In connection with his decision to retire from the Company, on April 17, 2006, the Company entered into a Retirement Agreement (the "Agreement") with John T. Schuessler, its Chairman of the Board, Chief Executive Officer and President. Pursuant to the terms of the Agreement, Mr. Schuessler’s retirement was effective on April 17, 2006 and he agreed to serve as a consultant to the Company through April 17, 2008. He also agreed to confidentiality and non-compete provisions and other customary terms.

Under the Agreement, Mr. Schuessler is entitled to receive $3,000,000, payable in installments through April 17, 2008, subject to compliance with the terms and conditions of the Agreement. He will also be entitled to receive a cash payment if the Nominal 2006 Cash Bonus Amount exceeds $900,000. The Nominal 2006 Cash Bonus Amount equals the amount Mr. Schuessler would be entitled to be paid pursuant to the Company’s Senior Executive Annual Performance Plan, in accordance with the performance objectives and measures adopted by the Compensation Committee on March 17, 2006 and without reduction at the Compensation Committee’s discretion, if Mr. Schuessler had still been employed by the Company on the payment date for 2006 awards under that Plan.

Pursuant to the pre-existing retirement provisions of the Company’s 1990 Stock Option Plan and the 2003 Stock Incentive Plan, Mr.
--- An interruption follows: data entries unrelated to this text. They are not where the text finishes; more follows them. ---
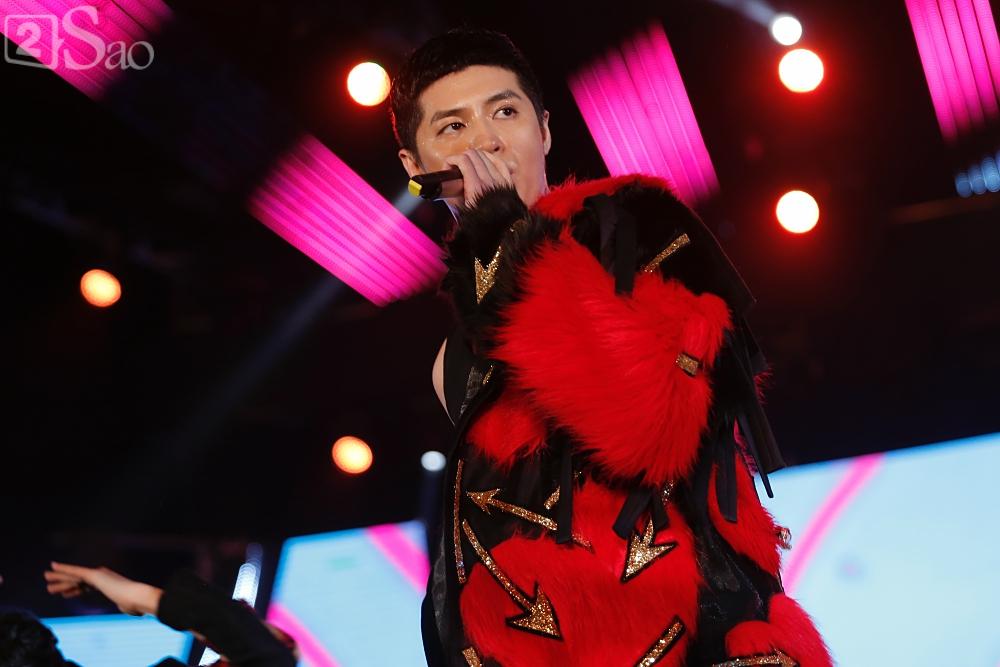 Mỹ Tâm hát trên sân khấu mà khán giả cứ gọi tên trợ lý Khả Doanh-13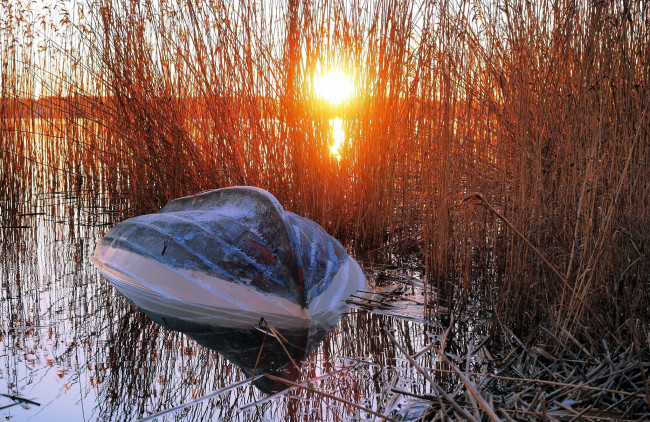 Обои картинки фото корабли, лодки,  шлюпки, закат, лодка, река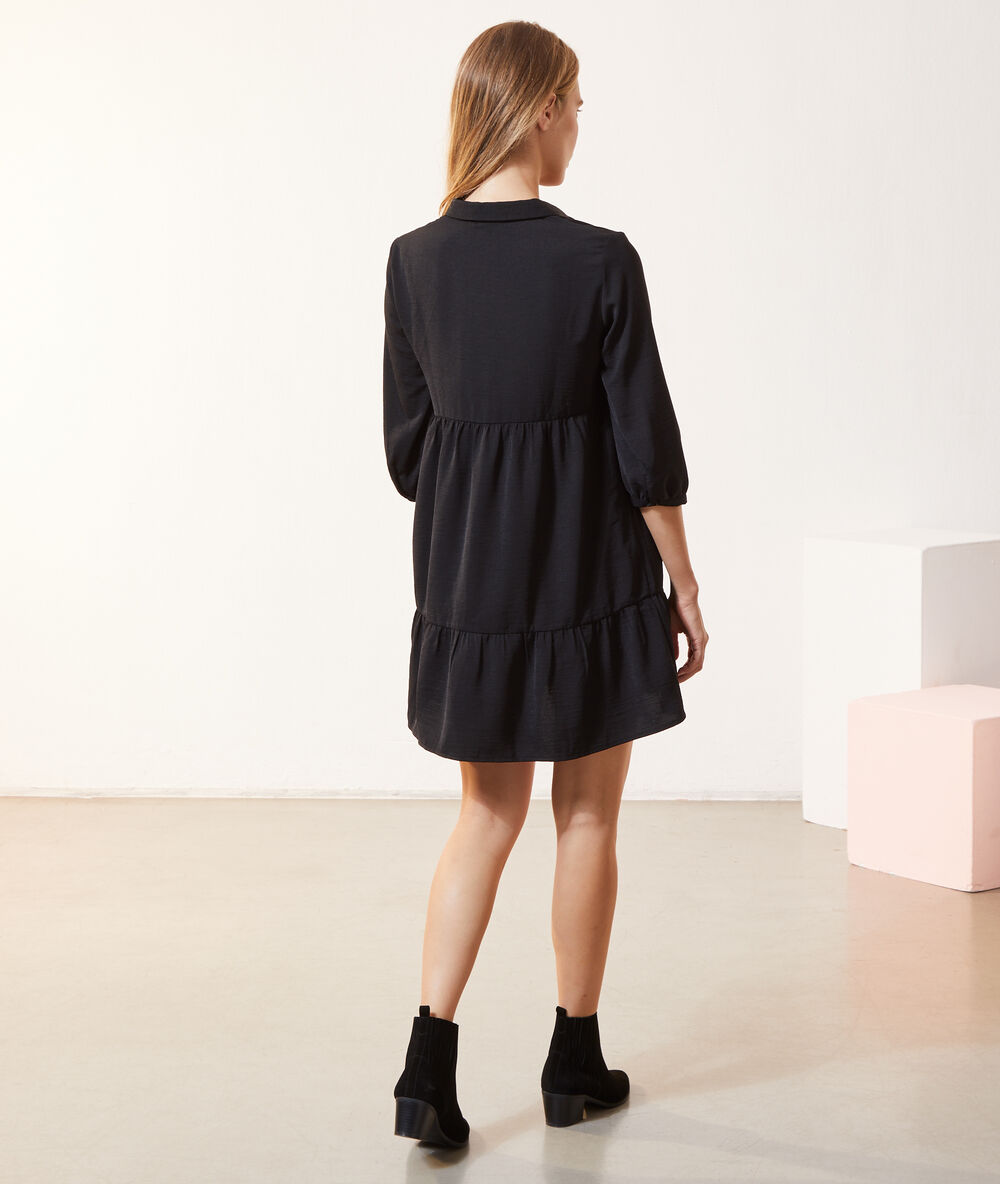 Robe chemise évasée noir.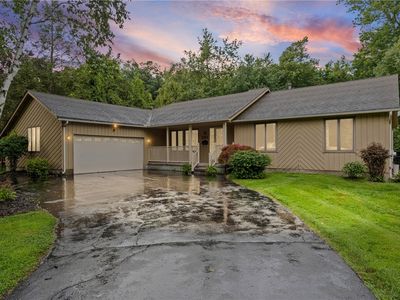 291 Creighton Ln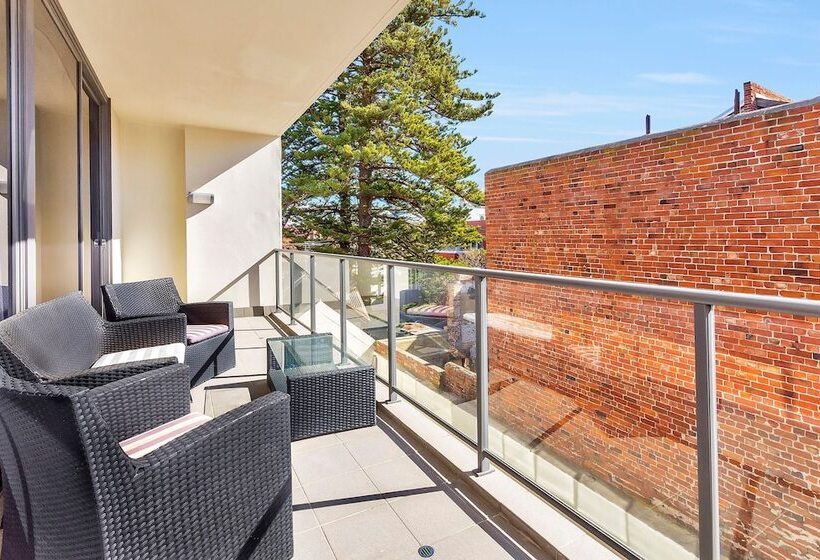 스위트, New Haus By Hougoumont Hotel, Former Bannister 22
Schuessler is also entitled to (i) exercise vested non-qualified stock options to purchase 489,000 common shares of the Company until the earlier of the option expiration date or 48 months after April 17, 2006, and (ii) the issuance of common shares of the Company pursuant to the terms of the Performance Share Award Agreement dated March 19, 2004 entered into between the Company and Mr. Schuessler and the Stock Unit Award Agreement dated April 22, 2004 entered into between the Company and Mr. Schuessler. Pursuant to the terms of the awards, Mr. Schuessler will not receive common shares in connection with the performance shares that were awarded to him on March 23, 2005 and March 17, 2006.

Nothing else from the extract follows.